# Clear Creek Thieves!



## mattoak (Apr 29, 2013)

Used to keep one of these shoved way way up top in the wheel well. Magnetic so it sticks to the strut mount area. You can put it anywhere though, and if in a good spot there's no way a thief would ever find it or know what they were feeling.


----------



## CBrown (Oct 28, 2004)

That's terrible. Getting robbed is such a violation. Thanks for the heads up.


----------



## Danny-ob (May 14, 2014)

tuck your keys into your suspension is what i always do they are impossible to see and only found by feeling in exactly the right place.


----------



## seanski06 (Apr 1, 2011)

That sucks big time but atleast they left you with the car and keys


----------



## craven_morhead (Feb 20, 2007)

If you're stashing keys, be aware of who can see you stash them. Hiding keys in a sneaky suspension spot doesn't do much good if someone sees you digging in your wheel well from 100 yards away.


----------



## formerflatlander (Aug 8, 2013)

My Astral has a deep velcro pocket. Ignition and door key go with. Other keys put someplace out of sight. Or possibly put a spare set hidden with the magnetic box. Then no one can see you hiding them.


----------



## glenn (May 13, 2009)

Shitty. That canyon is notorious for break-ins. Hope you two are having a good trip otherwise. I've got my spy network on the lookout for the stolen goods.


----------



## SteamboatBORN (Sep 22, 2012)

Get a Ford, they all have a keypad on drivers door. I love the fact I can leave keys in truck and not have to have them on ski mtn or river.


----------



## GearDog (Jun 3, 2009)

*This is a great solution*

Hitch Safe, Key Storage Hitches, Hide Car Key, Auto Key Safe, Trailer Hitch Covers, Receivers

Hope this can help others.

Lenny.


----------



## glenn (May 13, 2009)

GearDog said:


> Hitch Safe, Key Storage Hitches, Hide Car Key, Auto Key Safe, Trailer Hitch Covers, Receivers
> 
> Hope this can help others.
> 
> Lenny.



I've seen these in the past but the price is kind of steep and a 4 digit combo sitting at a multiday take-out isn't really all that safe anways. I can easily keep a key in my PFD and a hide-a-key safely tucked away for more legitimate "emergency" type situations.


----------



## wildh2onriver (Jul 21, 2009)

glenn said:


> I've seen these in the past but the price is kind of steep and a 4 digit combo sitting at a multiday take-out isn't really all that safe anways. I can easily keep a key in my PFD and a hide-a-key safely tucked away for more legitimate "emergency" type situations.
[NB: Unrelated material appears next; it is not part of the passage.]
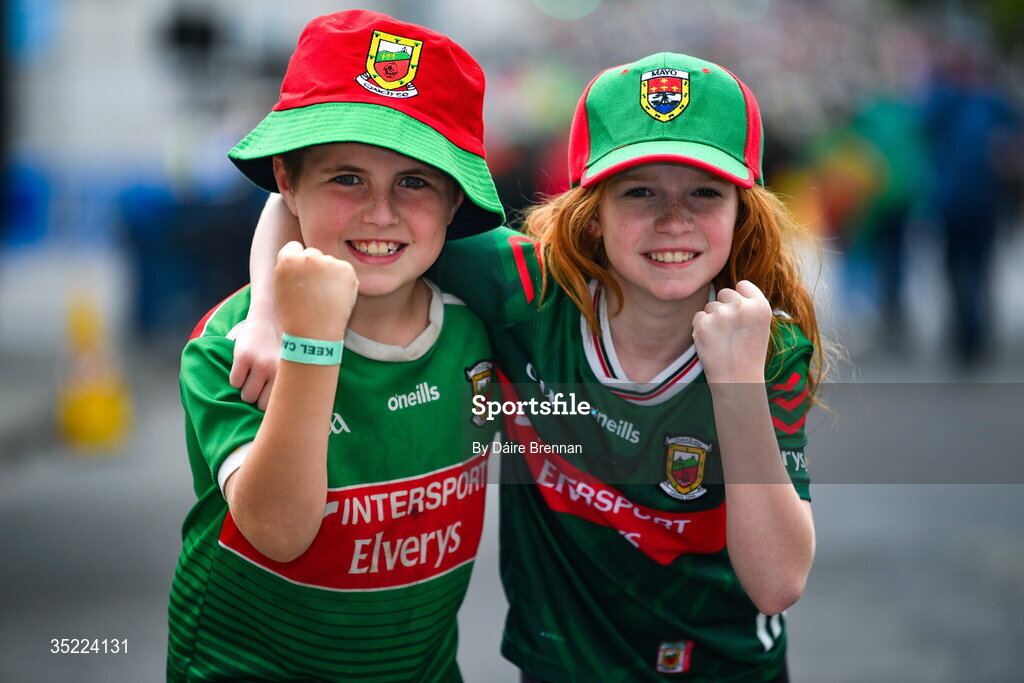 26 July 2026; Jake Heneghan, aged 8, and Lily Heneghan, aged 10, from Hollymount, Co Mayo, ahead of the GAA Football All-Ireland Senior Championship final match between Kerry and Mayo at Croke Park in Dublin. Photo by Daire Brennan/Sportsfile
10,000 possible combinations seems reasonably safe. 



Sent from my iPhone using Mountain Buzz


----------



## Schutzie (Feb 5, 2013)

trickpony said:


> Subaru was broken into along Hwy 6 yesterday while getting a quick Clear Creek lap in -
> 
> Lesson learned: take your keys with you or put them in a better spot... and don't be a dumbass like I was and leave anything valuable around. Wah wahhhh :/


Rude behavior. I'd suggest a sting operation near a handy tree...........


----------



## glenn (May 13, 2009)

glenn said:


> I've seen these in the past but the price is kind of steep and a 4 digit combo sitting at a multiday take-out isn't really all that safe anways. I can easily keep a key in my PFD and a hide-a-key safely tucked away for more legitimate "emergency" type situations.
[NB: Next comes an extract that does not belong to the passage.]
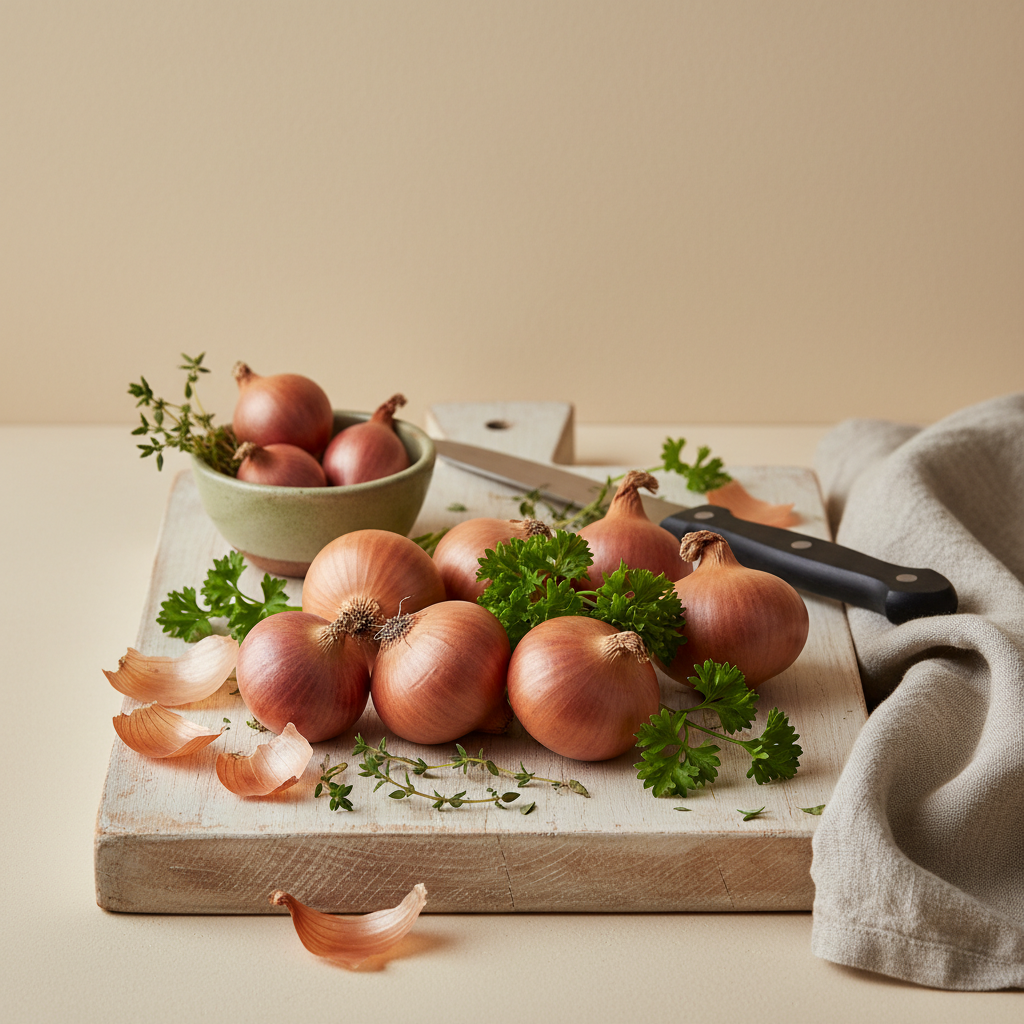 Nahaufnahme von Schalotten und Zwiebeln auf Holzbrett mit frischen Kräutern und Küchenwerkzeug in warmer, minimalistischer Küche. Unterschied Schalotten und Zwiebeln erkennen.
Most of the combo locks I've seen have a tell (not sure what the real term is but the release mechanism acts different when the pin is in the correct position) on one or more pins. 10,000 should be crackable in 8 hours by brute force. If you can get even one of the pins to tell you are talking 1,000 combos and under and hour. I'm assuming the $70 goes into the housing and not re-inventing a more fool proof combo lock.


----------



## GearDog (Jun 3, 2009)

Wildh2onriver....

Exactly, well said.

Lenny.


Sent from my iPhone using Mountain Buzz


----------



## SteamboatBORN (Sep 22, 2012)

glenn said:


> Most of the combo locks I've seen have a tell (not sure what the real term is but the release mechanism acts different when the pin is in the correct position) on one or more pins. 10,000 should be crackable in 8 hours by brute force. If you can get even one of the pins to tell you are talking 1,000 combos and under and hour. I'm assuming the $70 goes into the housing and not re-inventing a more fool proof combo lock.


No one is going to waste 8 hours trying to crack open a trailer hitch combo safe. They will just break a window which takes less then a second.


----------



## glenn (May 13, 2009)

SteamboatBORN said:


> No one is going to waste 8 hours trying to crack open a trailer hitch combo safe. They will just break a window which takes less then a second.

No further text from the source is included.